March 7, 2021

Happenings at the Statehouse

Power plays

Much of the first half of session has centered around shifting power from the Governor to the Legislature, from health districts to the Legislature, from local government to the Legislature, and from voters to the Legislature. Noticing a pattern here?

Local control – Last week, the House passed H90, which would prohibit any county, city or town from changing the names of streets, parks or schools in their communities without the permission of the Legislature. I obtained an opinion from the Attorney General finding that the bill violates our State Constitution which does not allow the Legislature to control local issues such as naming local landmarks. In light of this there’s a good chance the Senate will hold the bill – we shall see.

Executive powers – Yesterday the House passed H135, which would significantly restrict the Governor’s ability to enact emergency policy. Under this bill, an emergency declaration would require legislative authority to last longer than 60 days, and the Governor could not take any action that would restrict employment. This caused me concern, as we have historically had numerous emergencies last longer than 60 days, and calling the Legislature back in all the time is costly. Moreover, many sensible precautions a governor might take during an emergency could have the result of restricting employment, and it is hard to predict what consequences this would have in terms of preventing needed action in future emergencies.

Ballot initiative rights – Ever since the voters of Idaho took it upon themselves to pass Medicaid expansion in 2018, we have seen a steady stream of legislative efforts to rein in voters’ ability to bring ballot initiatives. The latest is S1110 making its way through the Senate, which would require signatures from 6% of all registered voters in all 35 legislative districts to get a proposal on the ballot. This would likely effectively end citizen ballot initiatives in Idaho, as it is barely possible to get on the ballot with the current threshold of 18 districts and we have only seen one successful effort in the past 8 years. I worked hard to collect signatures for Medicaid expansion in 2018 – here’s me helping deliver boxes of signatures to the Secretary of State. I can attest that it took a Herculean effort by thousands of volunteers just to meet the 18-district standard; we wouldn’t have made it if we had to cover all 35 districts.

Tax bills

Yesterday H199 was introduced by House GOP leadership, which would implement a sales tax cut from 6% to 5.3% and a top margin income tax cut from 6.9% to 6.5%. By 2023 this proposal would reduce state revenue by $435 million per year.

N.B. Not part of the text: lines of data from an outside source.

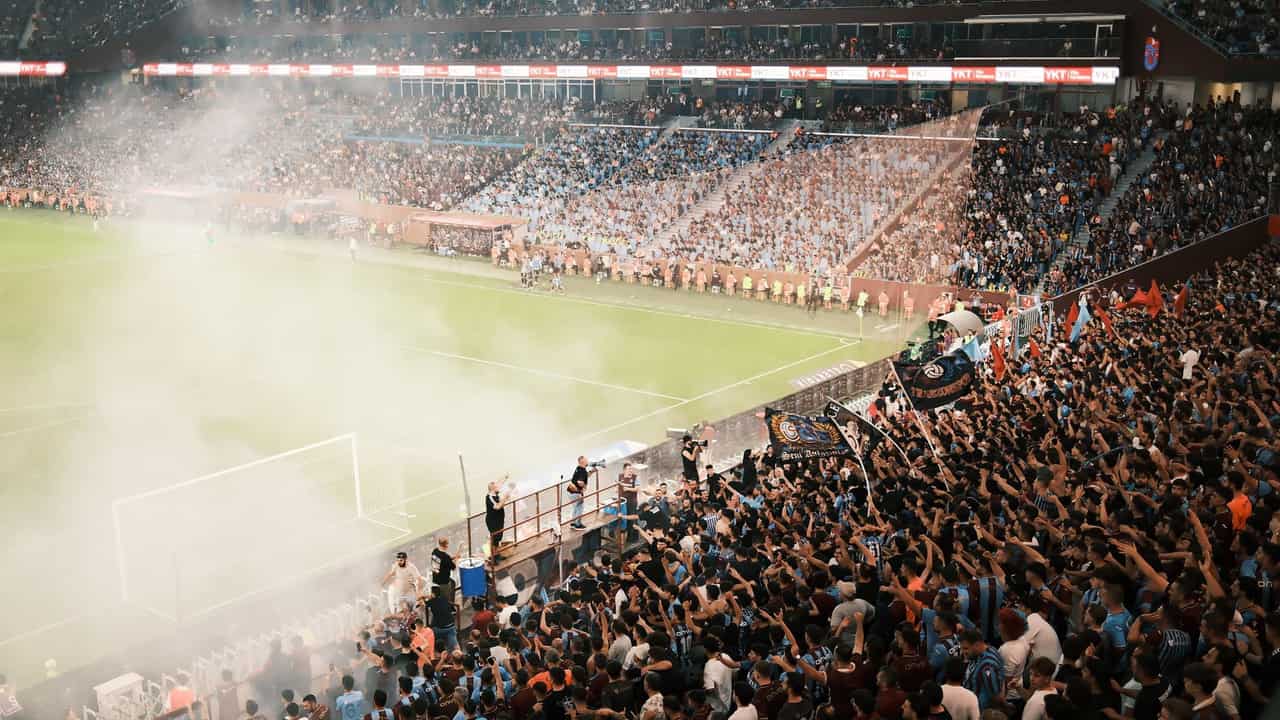 A vibrant scene of a packed soccer stadium with enthusiastic fans cheering during a match.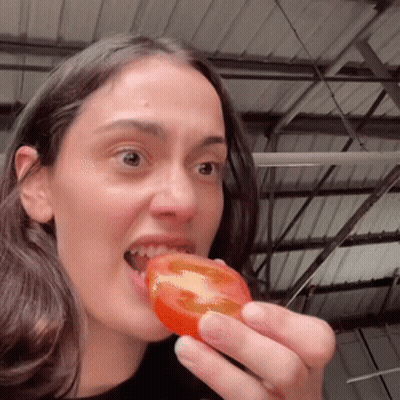 A Woman Is Eating A Slice Of Tomato With Her Mouth Open GIF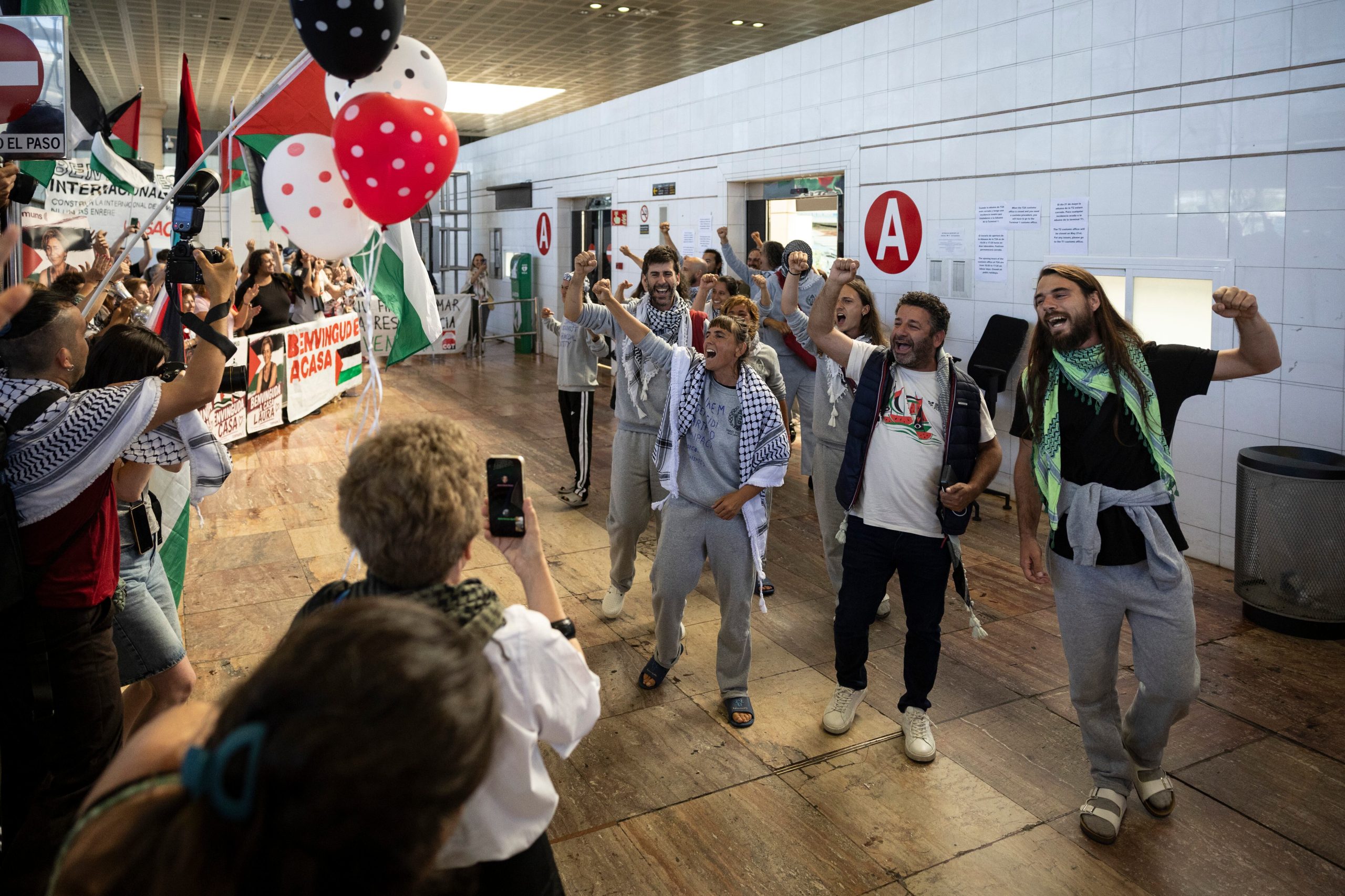 Participantes en la Global Sumud Flotilla en la zona de llegadas del aeropuerto de Barcelona tras ser deportados de Israel.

It would also eliminate the grocery tax credit, so some folks might see their tax on food increase while others would decrease depending on how much food they purchase.

This morning the Democrats introduced an alternative plan that would use some projected surplus revenue to finally fund full-day kindergarten, a long-standing recommendation most recently endorsed by the Governor’s 2019 K-12 Task Force. It would also allocate funds to remediation programs designed to address the substantial learning loss that children have experienced during COVID. Statewide reading scores have dropped 8-9% and alarming results are expected once other testing resumes, requiring substantial investment in after-school and summer programs to catch kids up. The proposal also includes residential property tax reductions, the use of impact fees on new development to pay for new school construction, and an increase to child tax credits.

Status of other bills I’m working on

– HCR6 seeks insurance coverage for medically necessary prescription formula for infants and children with serious conditions like Crohn’s disease and eosinophilic esophagitis. This has passed from Committee and will soon be heard on the House floor.

– S1069 requires the clerk to notify you if your absentee ballot is rejected for a signature mismatch or other technicality so that you still have a chance to vote. It has passed Committee and will soon get a Senate floor vote.

– H108 is the Sgt. Kitzhaber Medical Cannabis Act – it was introduced but still waiting to see if it will get a full hearing and vote.

– H189, the “Clean Slate Act,” would allow those with minor non-violent, non-sexual offenses who have been offense-free for at least 5 years to petition to seal their public record. This was introduced Monday and is awaiting a full hearing in the House Judiciary Committee.